Ukraine Says It Destroyed Part Of A Russian Military Convoy But Russia Is Denying It Happened

Confusion continues to reign in East Ukraine.

Ukraine said on Friday that it destroyed part of a column of military vehicles that had crossed the border from Russia — a claim swiftly denied by Russia.

Ukrainian President Petro Poroshenko made the claim in a telephone call with British Prime Minister David Cameron: "The President...confirmed that the majority of the Russian military armored vehicles had been destroyed by the Ukrainian artillery at night."

The UK said it had summoned Russia's ambassador to explain, the BBC reported.

Late on Thursday, two reporters, including Shaun Walker of The Guardian stumbled upon a column of armored personnel carriers (APCs) that they witnessed cross the border from Russia into Ukraine.

Erm ok so this isn't humanitarian aid.

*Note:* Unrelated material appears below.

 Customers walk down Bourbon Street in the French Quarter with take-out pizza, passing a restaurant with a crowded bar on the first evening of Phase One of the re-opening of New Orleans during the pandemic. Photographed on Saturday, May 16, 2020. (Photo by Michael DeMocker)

Column of over 20 APCs, 10km from the Ukraine border, and heading closer

Russia denied that its troops had entered Ukraine and said that additional border guards had been deployed to the area to "prevent the infiltration of armed people on the territory of the Russian federation," the Guardian reported. It said the unit operated only inside Russia: "In this regard, information on a group of Russian soldiers crossing the Russian-Ukrainian border is not true," RIA Novosti quoted an official as saying, the Guardian reported.

A Russian defense official, Igor Konashenkov, went further and said: "There is no Russian military column, that supposedly crossed the Russian-Ukrainian border either during the day or at night."

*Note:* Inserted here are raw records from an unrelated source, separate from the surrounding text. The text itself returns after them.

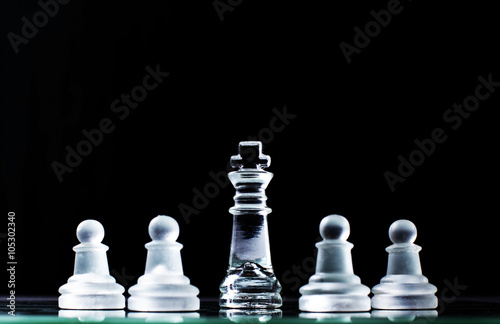 King and several pawns on chessboard in dark background. Hierarc
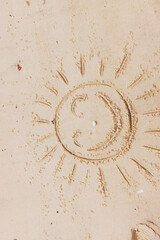 Wall Mural - Smiley face drawn in sand on beach with sun and waves in background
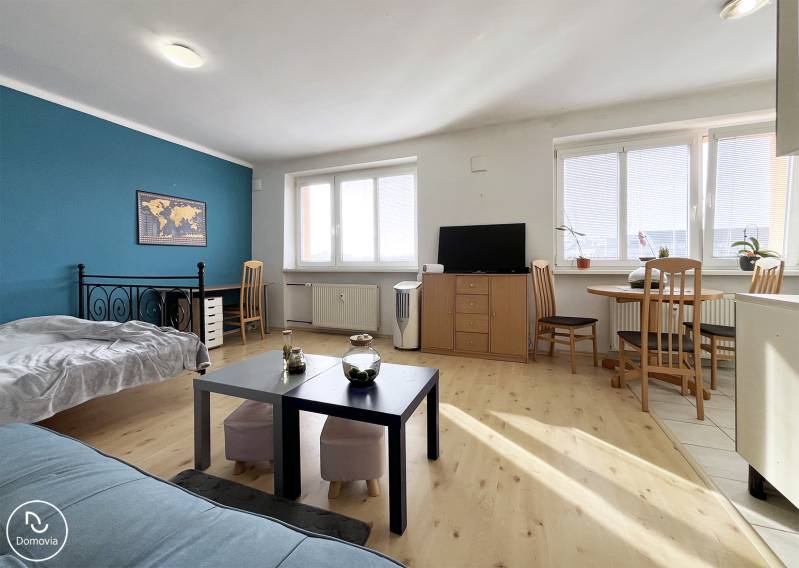 Exkluzívne | Na prenájom priestranný 1i byt Ružinove - 1-izbový byt s podlahou s dreveným dekorom, konferenčným stolom a modrou stenou.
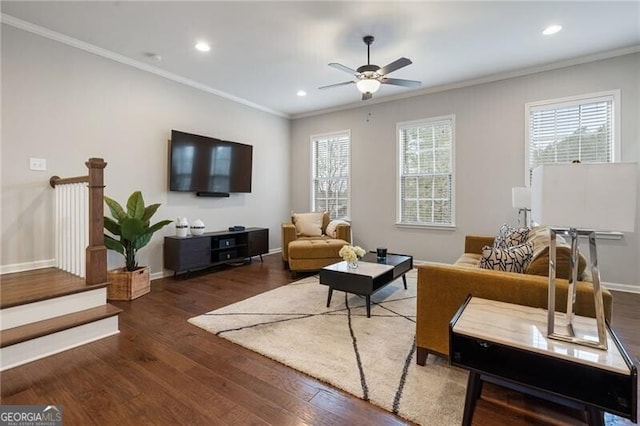 living room featuring crown molding, plenty of natural light, and dark wood-type flooring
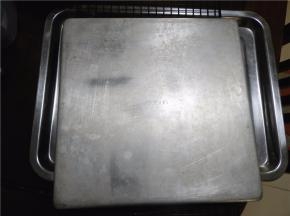 蛋糕烘烤至表面金黄色后取出，轻震一下，用脱模刀四周划一圈，表面垫上油纸后倒扣在网架上（如有油纸，迅速将蛋糕片连同油纸拖出烤盘，置于晾架上），表面再盖一张干净的油纸）。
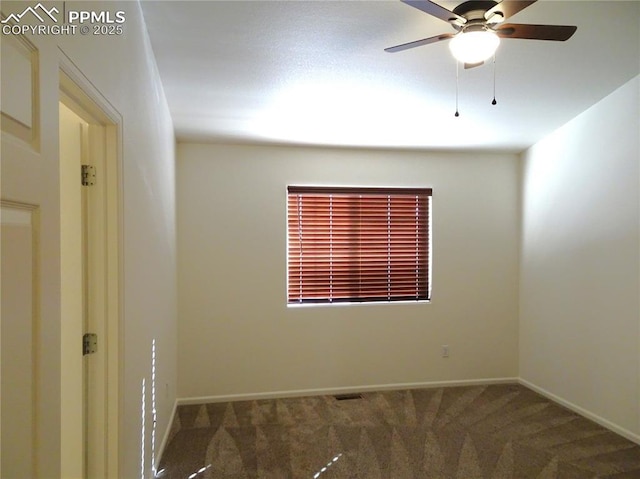 carpeted spare room with ceiling fan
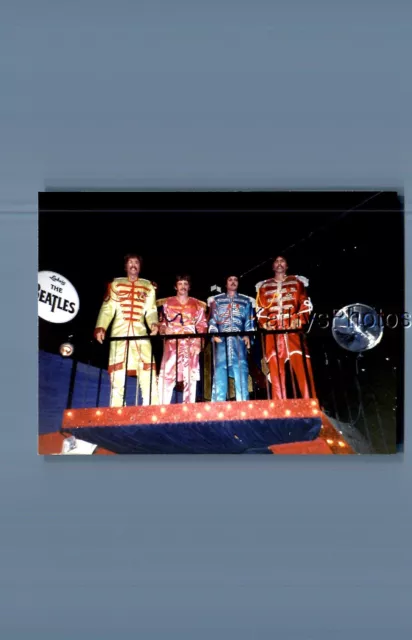 Found Color Photo J_1014 View Looking Up At The Beatles Statues On Balcony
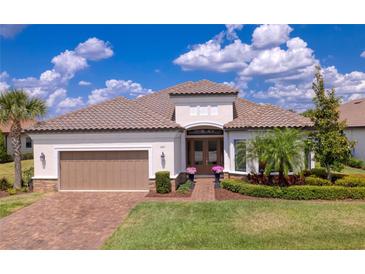 Inviting single-story home featuring a barrel tile roof, brick driveway, and meticulously manicured landscaping at 11411 Juglans Dr, Odessa, FL 33556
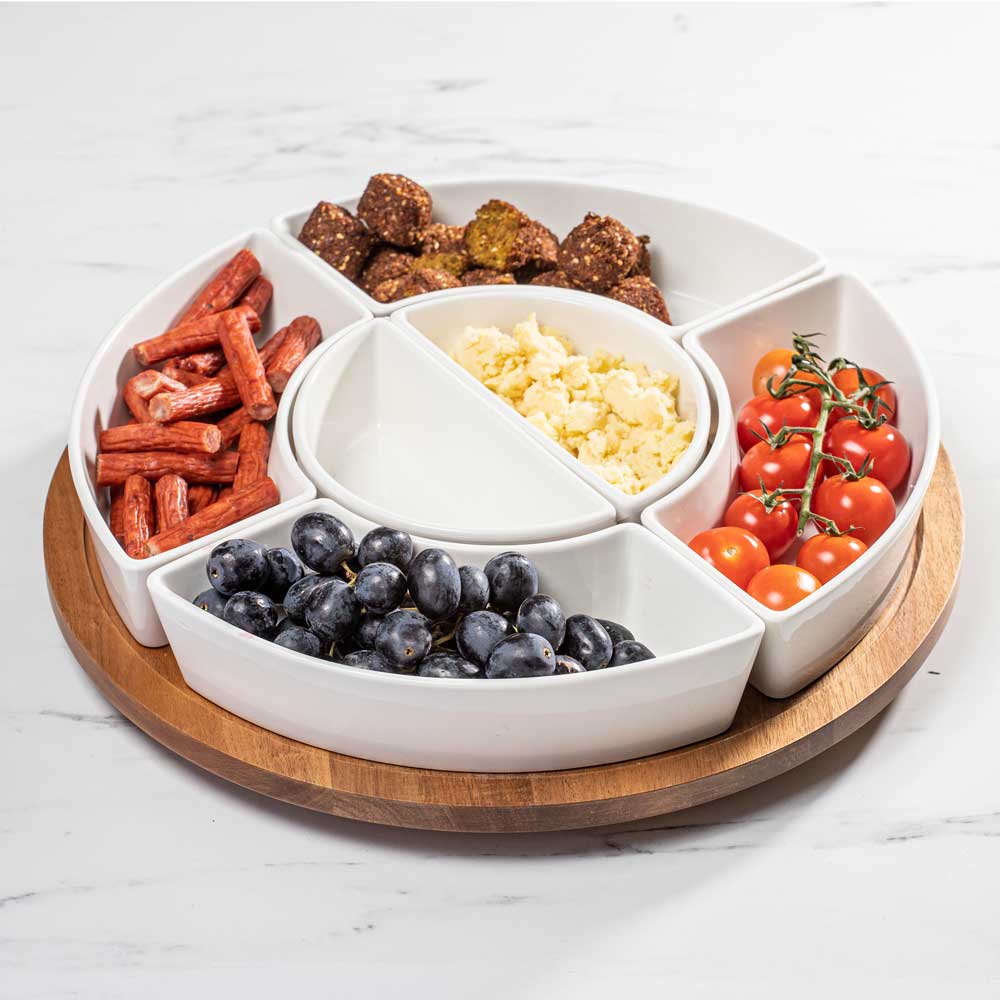 Drehteller gefüllt mit verschiedenen Snacks auf einer Küchenarbeitsplatte.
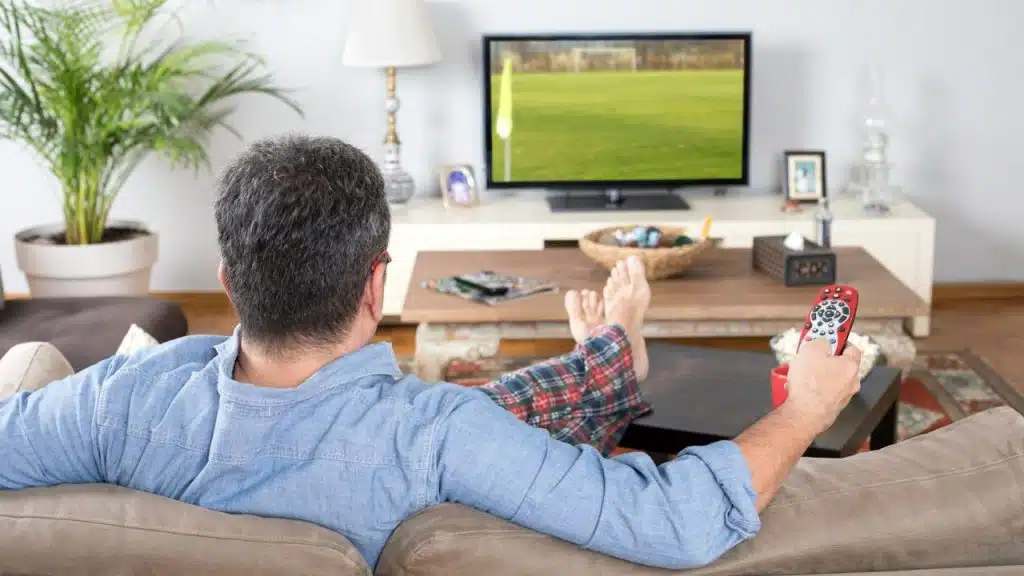 Man relaxing on couch in pajamas, watching TV, holding a remote.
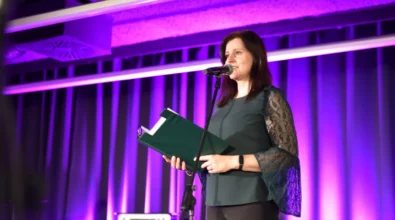 Kobieta stojąca przy mikrofonie przemawia do zgromadzonej publiczności, trzymając w rękach zieloną teczkę z przygotowanym tekstem wystąpienia. Scena oświetlona jest fioletowym światłem, które podkreśla uroczysty charakter wydarzenia. W tle widoczne są elementy nagłośnienia przygotowane do oprawy artystycznej spotkania.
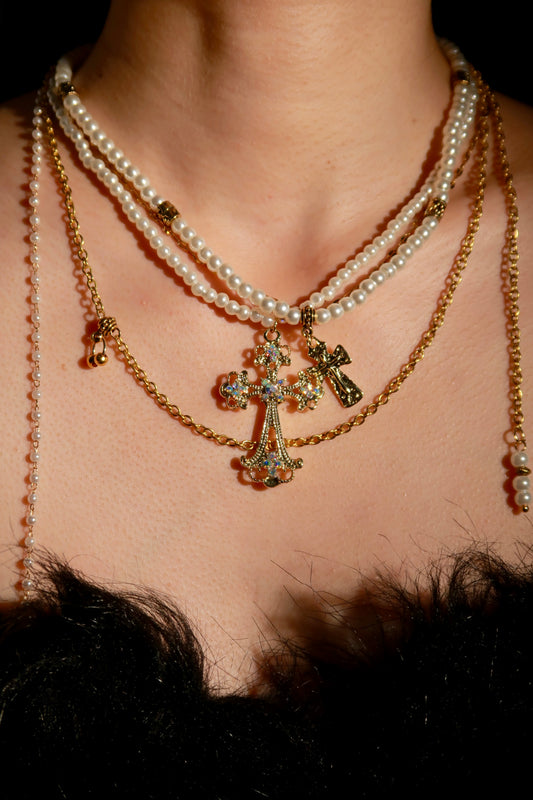 Close-up of a necklace with a cross pendant and pearl strands on a person's neck.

"Such statements, based on some sort of fantasies or, rather, on the assumptions of journalists, should not become a subject for the serious discussion between the top officials of any country," Konashenkov said in a statement, RIA-Novosti, a Russian newswire, reported.

Despite Russia's denial, the eyewitness reports of the incursion appeared to confirm what many had suspected for months — and what the Ukrainian government has claimed for months: that Russian military equipment was making regular incursions into East Ukraine. It was unclear whether the APCs were driven by Russian soldiers or the separatists they back in East Ukraine.

In Copenhagen, NATO Secretary General Anders Fogh Rasmussen confirmed the incursion but added: "What we have seen last night is the continuation of what we have seen for some time," the New York Times reported.

Reporters had been following a massive convoy that Russia says is filled with humanitarian aid destined for Ukraine when they saw the incursion.

The trucks remain stalled in Russia, the New York Times reported, and there were conflicting reports on whether Ukrainian border officials had been allowed to inspect their load, which Russia claims comprises food and other aid for civilians caught in Ukraine's civil strife.

The UN says the death toll in the conflict, raging for months, has doubled in the past two weeks, jumping from 1,129 dead on July 26 to 2,086 people dead by Aug. 10.